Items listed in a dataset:
════════

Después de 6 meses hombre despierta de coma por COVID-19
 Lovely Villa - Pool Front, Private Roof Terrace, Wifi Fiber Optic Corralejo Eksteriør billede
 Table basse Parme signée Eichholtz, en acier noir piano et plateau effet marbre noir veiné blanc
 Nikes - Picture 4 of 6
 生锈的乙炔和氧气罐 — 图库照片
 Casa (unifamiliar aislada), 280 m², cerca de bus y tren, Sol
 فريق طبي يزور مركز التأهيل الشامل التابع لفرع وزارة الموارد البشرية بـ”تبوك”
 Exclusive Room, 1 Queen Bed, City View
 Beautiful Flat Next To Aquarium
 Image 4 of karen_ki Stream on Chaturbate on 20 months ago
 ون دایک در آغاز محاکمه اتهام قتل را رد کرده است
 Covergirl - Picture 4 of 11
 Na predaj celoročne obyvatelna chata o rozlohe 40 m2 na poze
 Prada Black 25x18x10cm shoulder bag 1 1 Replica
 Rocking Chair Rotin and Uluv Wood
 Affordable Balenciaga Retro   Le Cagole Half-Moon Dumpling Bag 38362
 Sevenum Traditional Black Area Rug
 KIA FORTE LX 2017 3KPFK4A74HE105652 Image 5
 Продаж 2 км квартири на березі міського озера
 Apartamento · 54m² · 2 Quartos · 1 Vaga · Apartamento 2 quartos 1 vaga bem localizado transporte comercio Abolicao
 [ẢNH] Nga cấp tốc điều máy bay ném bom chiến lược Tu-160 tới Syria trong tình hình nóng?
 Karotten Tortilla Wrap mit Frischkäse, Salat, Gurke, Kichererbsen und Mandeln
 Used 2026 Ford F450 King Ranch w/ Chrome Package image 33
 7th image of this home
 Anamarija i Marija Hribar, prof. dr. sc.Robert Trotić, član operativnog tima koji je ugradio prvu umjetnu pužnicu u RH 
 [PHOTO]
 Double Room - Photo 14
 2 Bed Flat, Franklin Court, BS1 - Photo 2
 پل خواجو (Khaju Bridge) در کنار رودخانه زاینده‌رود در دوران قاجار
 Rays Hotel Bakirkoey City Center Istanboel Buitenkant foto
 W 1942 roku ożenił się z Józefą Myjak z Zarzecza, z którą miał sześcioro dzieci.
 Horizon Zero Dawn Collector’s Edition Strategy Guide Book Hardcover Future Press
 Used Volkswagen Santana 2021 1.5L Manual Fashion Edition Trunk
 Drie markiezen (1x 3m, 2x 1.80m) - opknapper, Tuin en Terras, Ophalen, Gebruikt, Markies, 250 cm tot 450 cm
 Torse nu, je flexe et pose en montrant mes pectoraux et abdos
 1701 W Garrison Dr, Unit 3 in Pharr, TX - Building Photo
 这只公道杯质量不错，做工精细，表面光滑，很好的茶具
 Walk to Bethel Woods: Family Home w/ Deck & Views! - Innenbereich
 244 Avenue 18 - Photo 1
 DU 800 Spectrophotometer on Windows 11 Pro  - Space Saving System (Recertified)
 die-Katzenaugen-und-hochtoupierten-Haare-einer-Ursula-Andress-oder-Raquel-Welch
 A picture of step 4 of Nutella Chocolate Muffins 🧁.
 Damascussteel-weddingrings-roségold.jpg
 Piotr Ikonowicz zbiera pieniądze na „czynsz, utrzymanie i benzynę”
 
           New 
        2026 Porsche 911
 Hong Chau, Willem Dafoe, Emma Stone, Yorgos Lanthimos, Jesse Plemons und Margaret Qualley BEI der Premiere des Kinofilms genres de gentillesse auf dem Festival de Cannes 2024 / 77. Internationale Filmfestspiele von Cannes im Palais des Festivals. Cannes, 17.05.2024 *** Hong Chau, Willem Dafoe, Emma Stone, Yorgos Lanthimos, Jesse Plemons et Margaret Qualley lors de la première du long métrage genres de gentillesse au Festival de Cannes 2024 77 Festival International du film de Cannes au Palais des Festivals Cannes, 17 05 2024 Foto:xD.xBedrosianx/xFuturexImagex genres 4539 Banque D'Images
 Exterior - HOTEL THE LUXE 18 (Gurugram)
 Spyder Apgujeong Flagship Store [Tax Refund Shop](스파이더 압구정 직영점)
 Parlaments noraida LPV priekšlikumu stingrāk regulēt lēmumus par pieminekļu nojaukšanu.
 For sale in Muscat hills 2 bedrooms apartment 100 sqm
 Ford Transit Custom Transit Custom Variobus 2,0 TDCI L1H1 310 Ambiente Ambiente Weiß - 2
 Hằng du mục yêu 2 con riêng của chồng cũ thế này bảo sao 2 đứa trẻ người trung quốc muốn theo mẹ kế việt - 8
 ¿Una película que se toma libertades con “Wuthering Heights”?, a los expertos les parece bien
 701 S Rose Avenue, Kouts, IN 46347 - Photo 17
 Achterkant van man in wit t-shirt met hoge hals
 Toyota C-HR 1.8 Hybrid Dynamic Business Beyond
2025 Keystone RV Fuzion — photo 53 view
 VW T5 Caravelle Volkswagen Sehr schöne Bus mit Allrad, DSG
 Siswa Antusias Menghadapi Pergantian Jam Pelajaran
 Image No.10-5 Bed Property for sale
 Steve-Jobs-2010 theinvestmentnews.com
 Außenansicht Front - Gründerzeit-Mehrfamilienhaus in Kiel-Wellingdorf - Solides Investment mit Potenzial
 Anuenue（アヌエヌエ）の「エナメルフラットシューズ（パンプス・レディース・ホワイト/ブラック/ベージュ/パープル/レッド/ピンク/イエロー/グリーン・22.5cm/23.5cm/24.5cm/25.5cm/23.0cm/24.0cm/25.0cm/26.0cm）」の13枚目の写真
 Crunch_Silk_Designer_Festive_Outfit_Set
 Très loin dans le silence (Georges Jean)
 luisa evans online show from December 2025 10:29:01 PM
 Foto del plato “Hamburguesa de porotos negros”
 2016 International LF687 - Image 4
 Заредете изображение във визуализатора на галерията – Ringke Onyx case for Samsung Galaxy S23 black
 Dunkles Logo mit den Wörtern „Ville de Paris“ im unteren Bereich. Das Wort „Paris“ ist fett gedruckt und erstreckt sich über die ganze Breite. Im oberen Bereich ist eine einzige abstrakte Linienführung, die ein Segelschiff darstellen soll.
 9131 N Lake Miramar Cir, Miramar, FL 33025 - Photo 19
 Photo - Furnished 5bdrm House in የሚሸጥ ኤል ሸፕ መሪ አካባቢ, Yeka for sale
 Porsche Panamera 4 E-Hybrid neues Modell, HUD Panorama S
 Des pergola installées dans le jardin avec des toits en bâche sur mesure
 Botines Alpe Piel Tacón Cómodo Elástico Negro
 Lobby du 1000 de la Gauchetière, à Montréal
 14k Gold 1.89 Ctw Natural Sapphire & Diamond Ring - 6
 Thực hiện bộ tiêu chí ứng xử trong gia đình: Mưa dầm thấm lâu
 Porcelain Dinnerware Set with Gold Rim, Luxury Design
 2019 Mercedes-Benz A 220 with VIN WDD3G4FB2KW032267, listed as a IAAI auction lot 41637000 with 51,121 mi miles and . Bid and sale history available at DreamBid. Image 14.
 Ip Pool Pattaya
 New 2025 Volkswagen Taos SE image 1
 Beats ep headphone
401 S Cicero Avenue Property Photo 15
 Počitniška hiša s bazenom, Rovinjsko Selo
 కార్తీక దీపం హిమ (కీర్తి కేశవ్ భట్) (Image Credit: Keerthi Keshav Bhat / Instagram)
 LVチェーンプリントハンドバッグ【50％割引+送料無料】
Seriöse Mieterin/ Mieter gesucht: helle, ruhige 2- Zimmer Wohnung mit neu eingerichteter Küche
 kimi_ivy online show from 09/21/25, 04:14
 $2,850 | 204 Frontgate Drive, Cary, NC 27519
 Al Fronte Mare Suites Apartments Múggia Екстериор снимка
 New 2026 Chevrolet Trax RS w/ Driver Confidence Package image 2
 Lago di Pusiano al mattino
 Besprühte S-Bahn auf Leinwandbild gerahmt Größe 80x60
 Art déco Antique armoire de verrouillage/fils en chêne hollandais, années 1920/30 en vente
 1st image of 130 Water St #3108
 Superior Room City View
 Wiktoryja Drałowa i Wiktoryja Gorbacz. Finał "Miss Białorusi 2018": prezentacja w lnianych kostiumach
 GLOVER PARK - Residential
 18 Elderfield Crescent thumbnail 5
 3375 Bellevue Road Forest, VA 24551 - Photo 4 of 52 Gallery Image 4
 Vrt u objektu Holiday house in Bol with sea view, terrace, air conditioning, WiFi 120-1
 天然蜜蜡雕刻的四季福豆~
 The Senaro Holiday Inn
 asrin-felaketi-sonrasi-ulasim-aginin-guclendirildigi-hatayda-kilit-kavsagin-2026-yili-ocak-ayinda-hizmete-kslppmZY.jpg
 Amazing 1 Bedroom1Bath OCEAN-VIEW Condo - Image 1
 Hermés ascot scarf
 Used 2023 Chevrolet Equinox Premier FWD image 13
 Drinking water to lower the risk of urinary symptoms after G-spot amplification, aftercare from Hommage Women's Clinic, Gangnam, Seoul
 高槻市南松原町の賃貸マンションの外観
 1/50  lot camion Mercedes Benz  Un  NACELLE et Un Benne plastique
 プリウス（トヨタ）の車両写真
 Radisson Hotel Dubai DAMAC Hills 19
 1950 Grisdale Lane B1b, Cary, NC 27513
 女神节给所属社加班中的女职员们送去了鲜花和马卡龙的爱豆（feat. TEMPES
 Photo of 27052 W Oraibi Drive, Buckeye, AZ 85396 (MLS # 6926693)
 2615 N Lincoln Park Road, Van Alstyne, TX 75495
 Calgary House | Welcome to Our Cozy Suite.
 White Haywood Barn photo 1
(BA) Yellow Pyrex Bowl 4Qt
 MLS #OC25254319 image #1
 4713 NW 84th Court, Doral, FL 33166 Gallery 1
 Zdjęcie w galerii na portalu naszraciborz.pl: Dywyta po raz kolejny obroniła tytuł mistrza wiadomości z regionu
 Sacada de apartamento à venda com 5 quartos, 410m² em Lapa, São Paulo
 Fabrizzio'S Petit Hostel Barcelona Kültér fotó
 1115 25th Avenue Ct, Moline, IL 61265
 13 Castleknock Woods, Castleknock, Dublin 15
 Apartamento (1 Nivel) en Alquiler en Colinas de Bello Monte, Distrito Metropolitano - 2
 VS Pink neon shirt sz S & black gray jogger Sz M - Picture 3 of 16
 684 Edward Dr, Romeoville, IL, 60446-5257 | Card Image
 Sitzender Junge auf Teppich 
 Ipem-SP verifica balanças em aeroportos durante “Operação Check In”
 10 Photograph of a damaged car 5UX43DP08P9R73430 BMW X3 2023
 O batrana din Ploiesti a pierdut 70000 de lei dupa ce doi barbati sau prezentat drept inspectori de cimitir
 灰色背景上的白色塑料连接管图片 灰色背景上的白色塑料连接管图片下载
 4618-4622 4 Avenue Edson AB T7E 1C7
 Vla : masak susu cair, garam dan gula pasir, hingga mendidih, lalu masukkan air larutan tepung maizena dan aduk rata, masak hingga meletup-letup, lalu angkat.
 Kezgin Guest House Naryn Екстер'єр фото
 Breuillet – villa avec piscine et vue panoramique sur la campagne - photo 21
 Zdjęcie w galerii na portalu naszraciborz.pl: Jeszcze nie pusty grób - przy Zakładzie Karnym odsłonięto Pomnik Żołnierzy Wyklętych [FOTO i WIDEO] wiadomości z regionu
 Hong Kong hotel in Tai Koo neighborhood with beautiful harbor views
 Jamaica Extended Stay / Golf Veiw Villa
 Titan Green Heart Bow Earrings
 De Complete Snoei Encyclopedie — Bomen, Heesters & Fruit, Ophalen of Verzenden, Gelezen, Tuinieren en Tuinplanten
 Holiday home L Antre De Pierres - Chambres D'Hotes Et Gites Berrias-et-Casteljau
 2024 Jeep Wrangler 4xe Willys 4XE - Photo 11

════════

▶ Exercise:
Please return only the lines above, starting at the line that has "高槻市南松原町の賃貸マンションの外観" and ending at the line that has "4713 NW 84th", keeping both and leaving each one unchanged.

▶ Reply:
 高槻市南松原町の賃貸マンションの外観
 1/50  lot camion Mercedes Benz  Un  NACELLE et Un Benne plastique
 プリウス（トヨタ）の車両写真
 Radisson Hotel Dubai DAMAC Hills 19
 1950 Grisdale Lane B1b, Cary, NC 27513
 女神节给所属社加班中的女职员们送去了鲜花和马卡龙的爱豆（feat. TEMPES
 Photo of 27052 W Oraibi Drive, Buckeye, AZ 85396 (MLS # 6926693)
 2615 N Lincoln Park Road, Van Alstyne, TX 75495
 Calgary House | Welcome to Our Cozy Suite.
 White Haywood Barn photo 1
(BA) Yellow Pyrex Bowl 4Qt
 MLS #OC25254319 image #1
 4713 NW 84th Court, Doral, FL 33166 Gallery 1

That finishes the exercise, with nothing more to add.